FIG. 1A is a schematic configuration diagram illustrating an example of a motor device MTR according to the present embodiment. FIG.1 (b) is a figure which shows the structure along the AA 'cross section in Fig.1 (a). FIG. 2 is a diagram showing a main configuration of the drive unit fixing unit 100 included in the motor device MTR.

  Hereinafter, in the description of each drawing, an XYZ orthogonal coordinate system is set, and the positional relationship of each member will be described with reference to this XYZ orthogonal coordinate system. A cylindrical axis direction of the rotor SF is defined as a Z-axis direction, and orthogonal directions on a plane perpendicular to the Z-axis direction are defined as an X-axis direction and a Y-axis direction, respectively. Further, the rotation (inclination) directions around the X axis, the Y axis, and the Z axis are the θX, θY, and θZ directions, respectively.

  As shown in FIGS. 1A and 1B, the motor device MTR includes a drive unit AC, a drive unit fixing unit 100 that fixes and holds the drive unit AC at a predetermined position, a rotor SF, and a contact. It has the member BT and the control part CONT. The motor device MTR rotates the rotor SF using the drive unit AC fixed and held at a predetermined position by the drive unit fixing unit 100 under the control of the control unit CONT and the contact member BT to which the drive unit AC is connected. In this configuration, the rotation of the rotor SF is adjusted.

  The rotor SF is formed in a columnar shape, for example, and is rotatably supported by, for example, a bearing device (not shown). The bearing device is supported by, for example, the base portion BS. The rotor SF rotates in the θZ direction about the central axis C as a rotation axis.

  The drive unit AC includes drive elements 31 and 32. As the driving elements 31 and 32, for example, electromechanical conversion elements such as piezoelectric elements are used. The drive element 31 and the drive element 32 are configured to expand and contract in the X direction when a voltage is applied to the electromechanical conversion element. The control unit CONT is connected to the drive unit AC, and can supply a control signal to the drive unit AC.

  As shown in FIG. 2, the driving unit fixing unit 100 includes a base unit BS, a holding member 130 that is fixed to the base unit BS and holds the driving unit AC, and a position adjusting unit 140. Base part BS is a part formed in plate shape using materials, such as stainless steel, for example, and supports rotor SF, drive part AC, contact member BT, and control part CONT other than holding member 130. Yes. In this embodiment, an example of a plate shape will be described, but other shapes such as a housing may be used.
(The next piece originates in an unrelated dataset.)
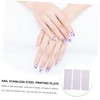 TOVINANNA 3pcs Nail Stamping Plates Template for DIY Nail Art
  The holding member 130 includes a main body portion 131 that holds the drive elements 31 and 32 and a fixing portion 132, and is fixed to the base portion BS via the fixing portion 132 by, for example, screws. A fixing screw hole 136 for inserting the screw 135 is formed in the fixing part 132, and the fixing screw hole 136 has a long hole shape.

  The position adjustment unit 140 is for adjusting the position of the drive unit AC with respect to the contact member BT. The position adjustment unit 140 is mainly configured by a position adjustment screw 137 that abuts on the fixing unit 132. The position adjusting screw 137 is detachable from the fixing portion 132. For example, an opening 130A for holding the holding member 130 is formed in the base portion BS, and the position adjusting screw 137 can come into contact with the fixing portion 132 through the opening 130A.

  A gap S is provided between the main body 131 and the drive elements 31 and 32, and a wedge member 138 is inserted into the gap S. Accordingly, the drive elements 31 and 32 are configured to be sandwiched between the main body 131 in a state where a high pressure is applied. As a result, the drive elements 31 and 32 are held with no backlash relative to the main body 131.

  Further, the main body 131 has a pressurizing spring portion 134 that applies a constant pressurizing force when the drive elements 31 and 32 are expanded and contracted. As a result, the drive elements 31 and 32 have a constant expansion / contraction width, and a constant drive force can be transmitted to the contact member BT as will be described later.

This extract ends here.